Data shown:
-.-.-
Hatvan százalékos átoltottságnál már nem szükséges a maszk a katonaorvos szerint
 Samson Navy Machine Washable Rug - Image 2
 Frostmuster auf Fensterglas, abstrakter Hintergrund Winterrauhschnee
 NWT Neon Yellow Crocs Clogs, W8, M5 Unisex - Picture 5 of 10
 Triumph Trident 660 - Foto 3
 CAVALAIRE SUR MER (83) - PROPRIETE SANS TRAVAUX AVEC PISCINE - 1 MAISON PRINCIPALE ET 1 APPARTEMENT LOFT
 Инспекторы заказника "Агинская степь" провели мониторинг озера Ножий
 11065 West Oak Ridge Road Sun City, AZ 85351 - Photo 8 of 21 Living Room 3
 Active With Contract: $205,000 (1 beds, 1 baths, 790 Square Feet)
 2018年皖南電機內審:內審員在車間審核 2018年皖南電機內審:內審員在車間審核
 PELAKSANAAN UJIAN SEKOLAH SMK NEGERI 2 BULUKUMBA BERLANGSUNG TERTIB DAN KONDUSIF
-.-.-
Instructions to follow:
The answer must be the line containing "Triumph Trident 660 - Foto 3" and every line after it through the end of the records, repeated exactly.

Solution to the exercise:
 Triumph Trident 660 - Foto 3
 CAVALAIRE SUR MER (83) - PROPRIETE SANS TRAVAUX AVEC PISCINE - 1 MAISON PRINCIPALE ET 1 APPARTEMENT LOFT
 Инспекторы заказника "Агинская степь" провели мониторинг озера Ножий
 11065 West Oak Ridge Road Sun City, AZ 85351 - Photo 8 of 21 Living Room 3
 Active With Contract: $205,000 (1 beds, 1 baths, 790 Square Feet)
 2018年皖南電機內審:內審員在車間審核 2018年皖南電機內審:內審員在車間審核
 PELAKSANAAN UJIAN SEKOLAH SMK NEGERI 2 BULUKUMBA BERLANGSUNG TERTIB DAN KONDUSIF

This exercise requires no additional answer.